Si usted tiene un trastorno de ansiedad, o los síntomas de uno, como el 18% de los adultos en los Estados Unidos, bien podría haber una razón detrás de ello. Muchos expertos creen que mientras que hay unos pocos que luchan con la ansiedad sin ninguna razón, la mayoría de nosotros, si pensamos en ello, tenemos raíces de nuestros trastornos mentales que se extienden hasta lo más profundo de nuestro pasado.

Y si además de tu ansiedad, tuviste una infancia profundamente traumática, echa un vistazo a las siguientes cosas que conducen a la ansiedad adulta.

1. Tus padres/cuidadores invalidan tus sentimientos y opiniones regularmente

Cuando somos más jóvenes y en desarrollo, nuestras emociones son las que nos guían para entendernos a nosotros mismos. Si nos sentimos tristes, y nuestros padres nos dicen que «aguantemos y dejemos de ser un bebé llorón», cuando en realidad, hay un problema real que nos molesta, nos enseña que nuestros sentimientos no importan. Entonces, nos preocupamos constantemente si estamos reaccionando exageradamente.

desarrolló ansiedad en nuestra vida adulta

2. Estar constantemente lejos de tus padres

Aunque es normal que los padres vayan a trabajar, o que dejen a sus hijos con otras personas que los cuidan durante un tiempo limitado, cuando nuestros padres están constantemente ausentes de la imagen cuando son niños, podemos creer que nunca van a volver.

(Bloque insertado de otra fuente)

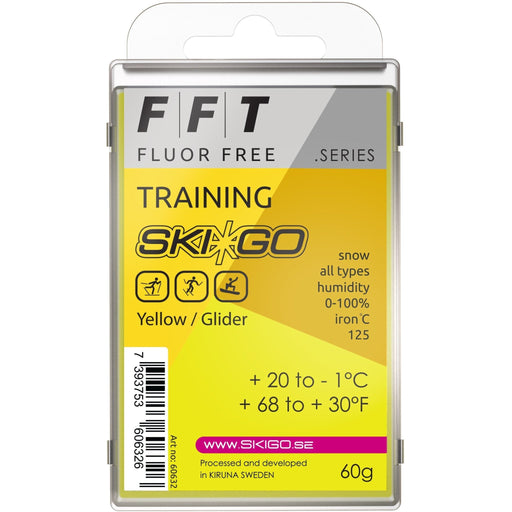 SkiGo - SkiGo FFT Training Yellow 60g +20 / -1 - 60632 - Skidvalla.se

Esta ansiedad por la separación no se detiene cuando llegamos a los 18 años, sino que nos sigue hasta la edad adulta.

3. Presenciar violencia

Si eres un niño, vienes a este mundo con una forma de ver cosas bastante inocentes. Sin embargo, cuando la violencia entra en escena, ya sea contra nosotros o contra alguien a quien amamos, aprendemos a luchar o a huir de comportamientos muy jóvenes, y nos quedamos atrapados en un bucle de ansiedad y terror.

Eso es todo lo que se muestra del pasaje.